There was a mention of the song in The Cash Box Rhythm & Blues Ramblings column of October 11. It said. " If past history is any indication, you’ll soon be hearing “Hey Miss Fannie” and “I Played The Fool”, over and over again." Along with "If Be Satisfied" by Billy Ward and His Dominos, "Hey Miss Fannie" was The Cash Box Award O' the Week record. The review of the record said that it was a fast beat rocker and a two-sided release that was a natural follow up to their “Ting-A-Ling” single.

===Chart===
The October 18 issue of The Cash Box reported that the single was at no. 6 on the Hot chart in Dallas.

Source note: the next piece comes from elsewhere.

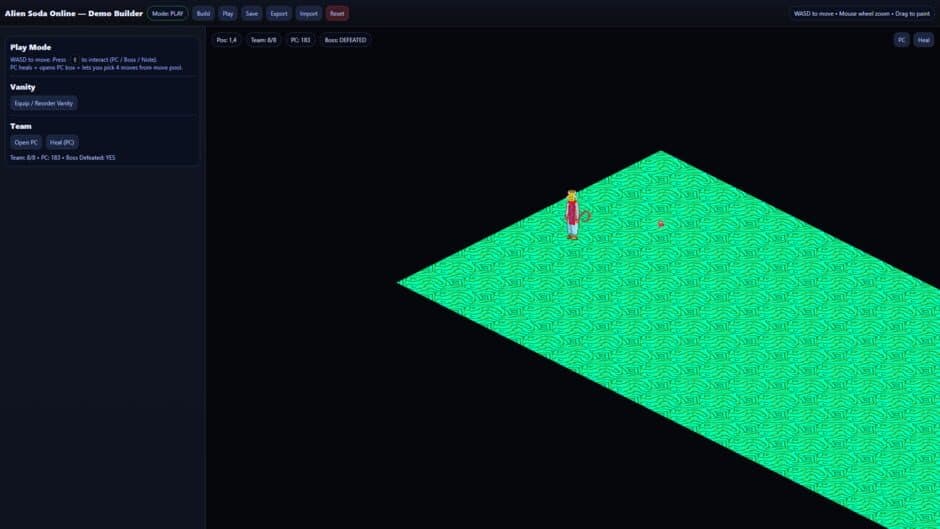 Скриншот 1 из Alien Soda Online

The October 25 issue of The Cash Box reported that it was at no. 7 on the Hot chart in Atlanta. The Following week (1 November) it was at no. 6 in Atlanta and No. 10 in Memphis. On 8 November, it was at no. 9 in both Philadelphia and Memphis. The following week, it was at no. 4 in Fort Worth and no. 7 in Memphis. It was also at no. 10 in Los Angeles and no. 5 in St. Louis and no. 9 in Shoals Ind.

The song would eventually be recorded by Cash Box as a no. 1 in Philadelphia. It would chart nationally on the Billboard R&B chart, peaking at no. 2. The B side, "I Played the Fool" would also made the charts, peaking at no. 3.